At least that would provide certainty to accountants who have to field questions from clients on this sort of thing on a routine basis and who have been waiting for the best part of 2 years for proper clarification which they can then pass on to their clients. The present uncertainty only adds to certain people's cynicism towards Revenue and tax compliance in general, and makes everyone's job harder.



mandelbrot said:


> If that's the case, any final victory would be a long way away - someone  would have to take a case to Appeal or beyond in order to have  Revenue's interpretation overturned. (I suggest getting umop3p!dn on the  case, if he'll fight over €2.85 he'll surely fight over €150... )



You may laugh, and I don't want to unnecessarily overdo the poor mouth, but €150 is a lot of money for some people these days, especially if they have no job and a property that they can neither finance nor sell.


----------



## oldnick

DB75 -The worry about various property charges is the certainty of increases. 

The loan interest that many (not all) landlords are paying will gradually decrease as they pay off their loans,  whereas the property charges will certainly increase for all landlords.  In a few years one could pay several hundred euros on a three bedroom house -more in Dublin . That's besides NPPR.  (And this is still less than in U.K.). 
For someone to pay 500 -1.000 euros on each rental property -without being able to claim a penny deduction - will be a disaster.
(And I wonder how the proposed household charge for TV/computer will be regarded? It won't be based on whetehr someone actually has  tv/computer. It'll be another property charge for the owner I reckon.)

But, of course, you're right to point out the hardship caused by decreasing interest relief. We should fight both causes.


----------



## mandelbrot

T McGibney said:


> You may laugh, and I don't want to unnecessarily overdo the poor mouth, but €150 is a lot of money for some people these days, especially if they have no job and a property that they can neither finance nor sell.


 
I have no doubt that it is, I'm sure we all know people who are in that boat.

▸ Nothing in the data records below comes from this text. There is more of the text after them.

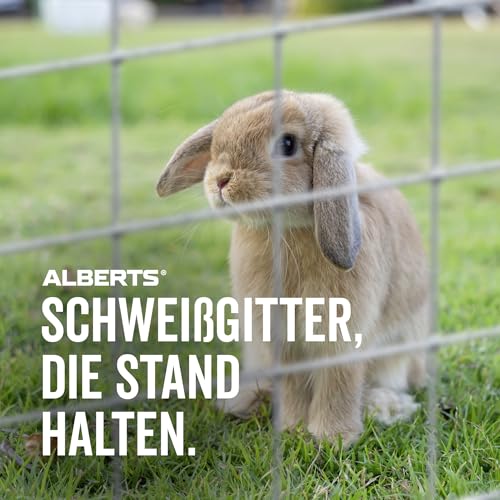 Alberts 614508 Schweißgitter | verschiedene Höhen - wahlweise in verschiedenen Farben | grün | Maschen 12,7 x 12,7 mm | Höhe 50 cm | Länge 5 m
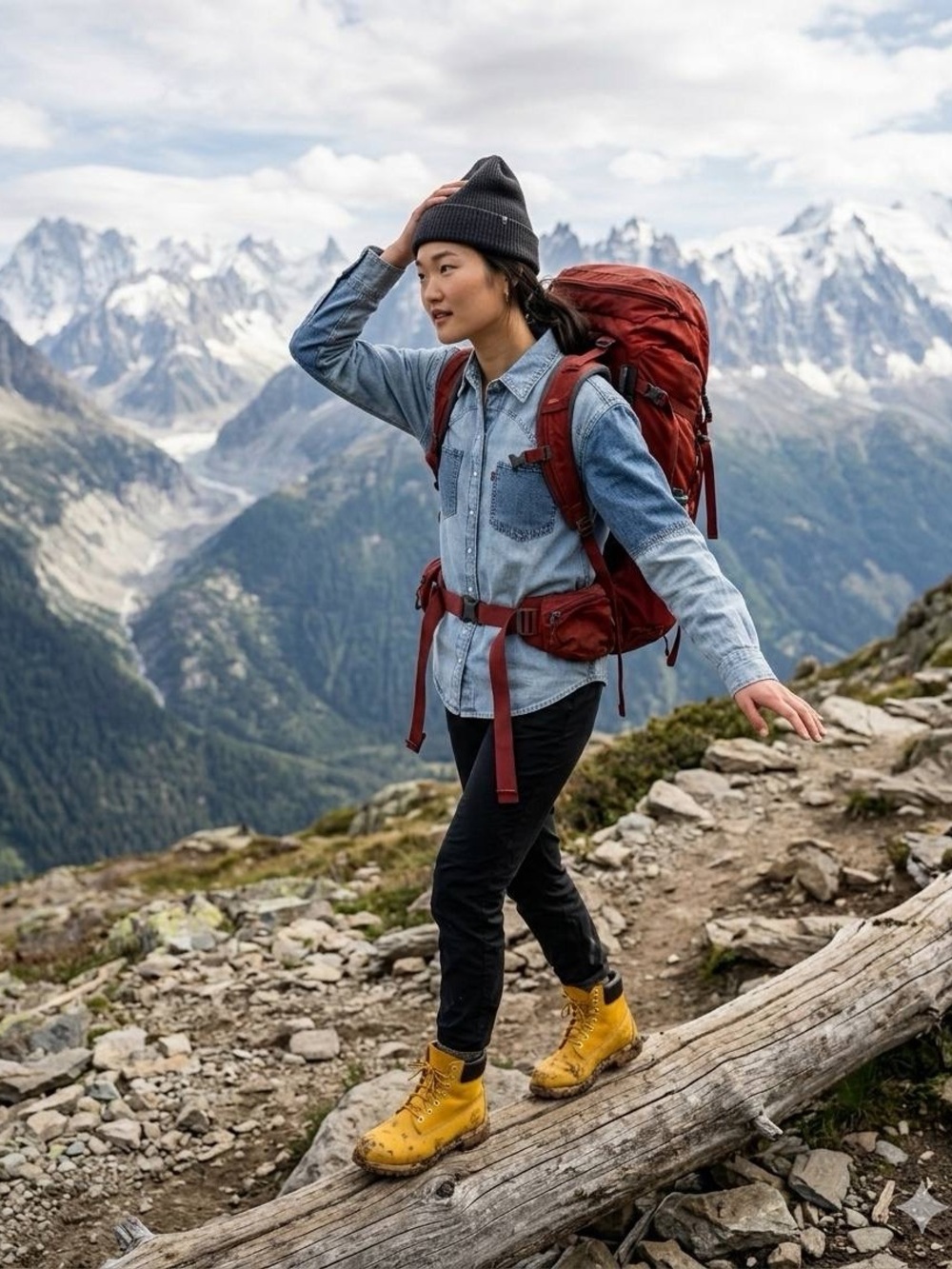 Levi's Red Women's Hiking Backpack - Expedition Daypack
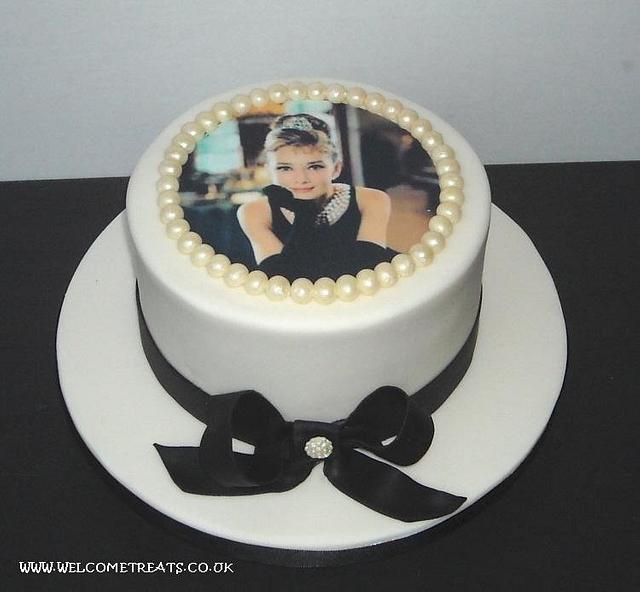 Audrey Hepburn Inspired Cake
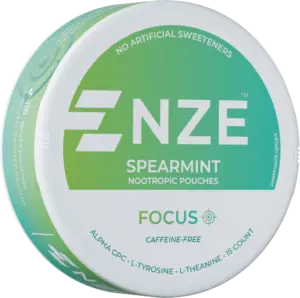 NZE Spearmint Focus Nootropic Pouches – 5 Pack — nicotine-free focus pouch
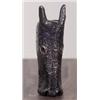 Image 1 : Pan i brons, signerad Henrik Allert, höjd 15 cm. D...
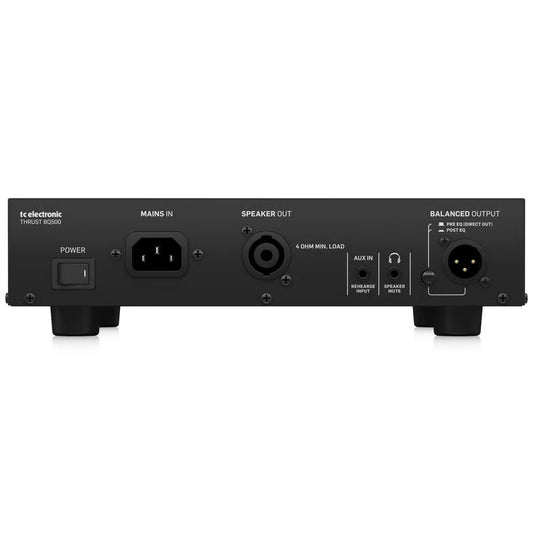 TC Electronic BQ500 Bass Head – 500W Portable Class-D Amplifier with MOSFET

You can be sure I'm not laughing, €150 is a *huge* amount to me!

My previous glib comment aside, the problem about something like this is that somebody (has to - edit: ) may have to incur substantial cost to go through the due process necessary to challenge a Revenue interpretation.

So it's a pyrrhic victory for the individual who achieves it, but great news for everyone else - hence it would require someone who's willing to expend more time and money than they expect to benefit (which inspired my comment about the tenacious Mr Upsidedown!)


----------



## T McGibney

mandelbrot said:


> My previous glib comment aside, the problem about something like this is that somebody has to incur substantial cost to go through the due process necessary to challenge a Revenue interpretation.



Last time I checked, it cost nothing to bring a case to the Appeal Commissioners, unless the individual is paying for professional representation.

I don't know how a court victory over Revenue could be seen as 'pyrrhic' as the winner of the case would presumably normally stand to be awarded their costs?

I hope it isn't normal practice for Revenue staff to warn taxpayers that challenging their decisions at Appeal or in the Courts 'will incur substantial cost'. Sounds uncomfortably reminiscent of what the Dept of Health said to the dying Brigid McCole.


----------



## oldnick

As a vaguley on topic aside I'm paying on my Florida house 5.000 dollars every year property tax. It varies from state to state to generally 1 -2% of the estimated value of the house is levied (!) on a persons property. Fortunately it's deductible against income tax if one is renting.
Nearly every western state has property tax -the latest to introduce being greece  where my relations are having fits on receieving their bills.

My previous future estimate of 500-1.000 euros per property may be a low estimate

( Hopefully, i won't have a USA home in a couple of months . I'm off to sell it, as the bank won't extend my interest-only loan . So six weeks spent decorating and  trying to to sell direct and avoid the crazy 6% auctioneer commission. No Caribbean cruise I regret- just joy if I get even 75% of the price I paid during exuberant times six years ago.)


----------



## mandelbrot

T McGibney said:


> Last time I checked, it cost nothing to bring a case to the Appeal Commissioners, unless the individual is paying for professional representation.


 
Well unless they're well equipped to argue what would be a fairly technical issue (i.e. what is a rate, and what does levied mean in the context) then it's a bit of a David vs Goliath and fairly unlikely to have a happy ending without professional representation. Some people might be happy to do that, on principle, just to tie up the system, but if they've got got gainful employment / self-employment it's bound to cost them time if nothing else.



T McGibney said:


> I don't know how a court victory over Revenue could be seen as 'pyrrhic' as the winner of the case would presumably normally stand to be awarded their costs?


 
I think you might presume too much there; I don't think they automatically get their costs, or all of their costs, even if they win - maybe they generally will, but not always. 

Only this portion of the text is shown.